Supplied material »
- - - - -

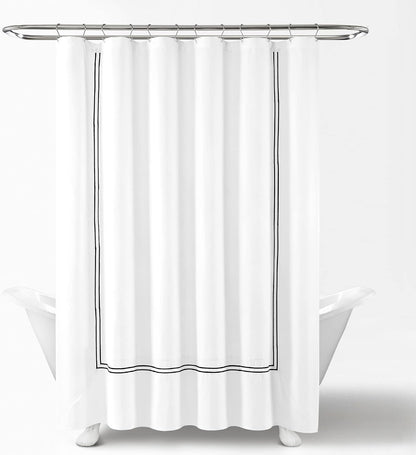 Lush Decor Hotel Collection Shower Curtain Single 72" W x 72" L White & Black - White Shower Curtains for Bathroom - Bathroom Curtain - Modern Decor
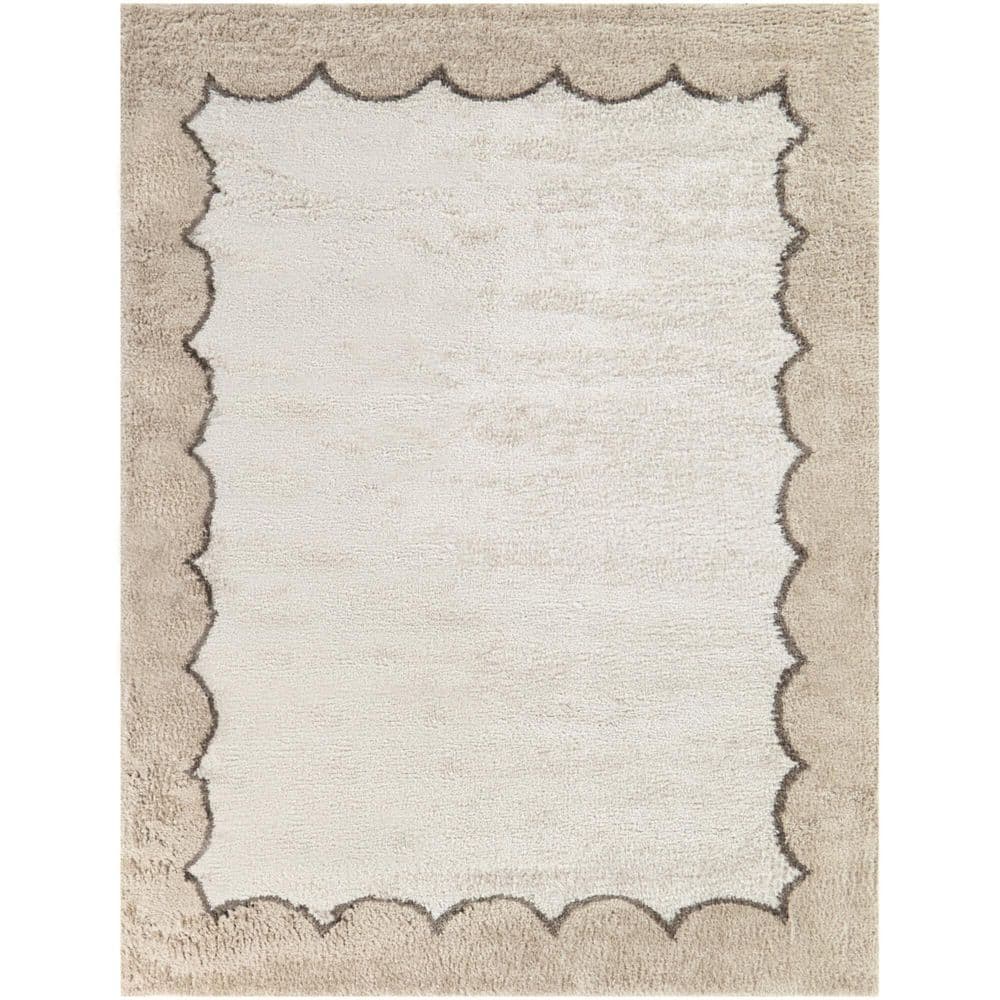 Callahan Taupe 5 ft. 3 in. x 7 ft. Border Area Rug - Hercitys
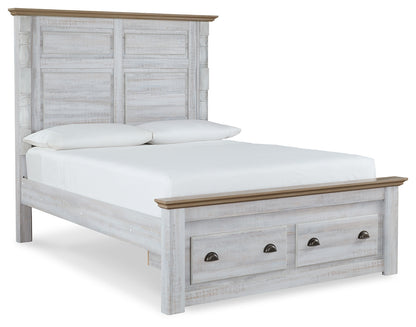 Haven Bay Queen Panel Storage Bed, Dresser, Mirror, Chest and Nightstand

- - - - -

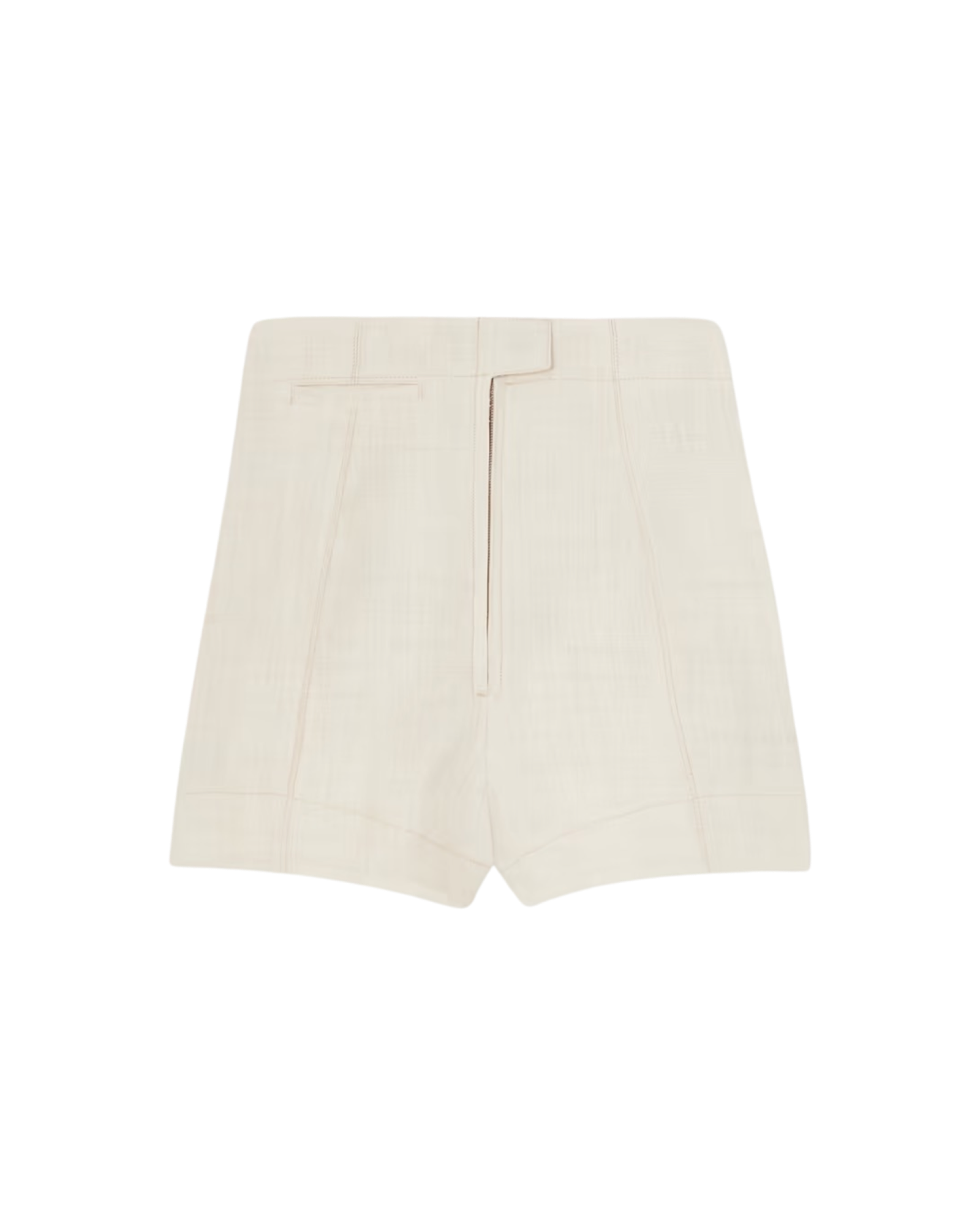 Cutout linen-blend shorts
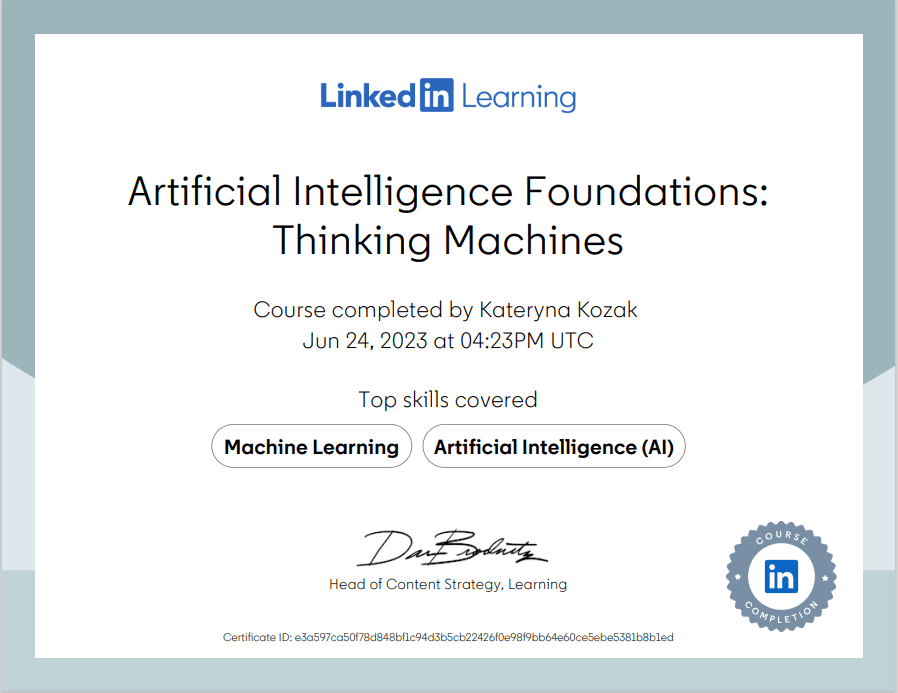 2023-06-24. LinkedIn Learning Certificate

- - - - -

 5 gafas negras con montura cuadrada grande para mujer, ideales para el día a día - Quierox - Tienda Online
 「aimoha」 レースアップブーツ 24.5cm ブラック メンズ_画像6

- - - - -

Task to carry out » Would you output only the span of the records above that opens with the line containing "Cutout linen-blend shorts" and closes with the line containing "2023-06-24. LinkedIn Learning Certificate", ends included and pictures dropped?

Your response »
 Cutout linen-blend shorts
 2023-06-24. LinkedIn Learning Certificate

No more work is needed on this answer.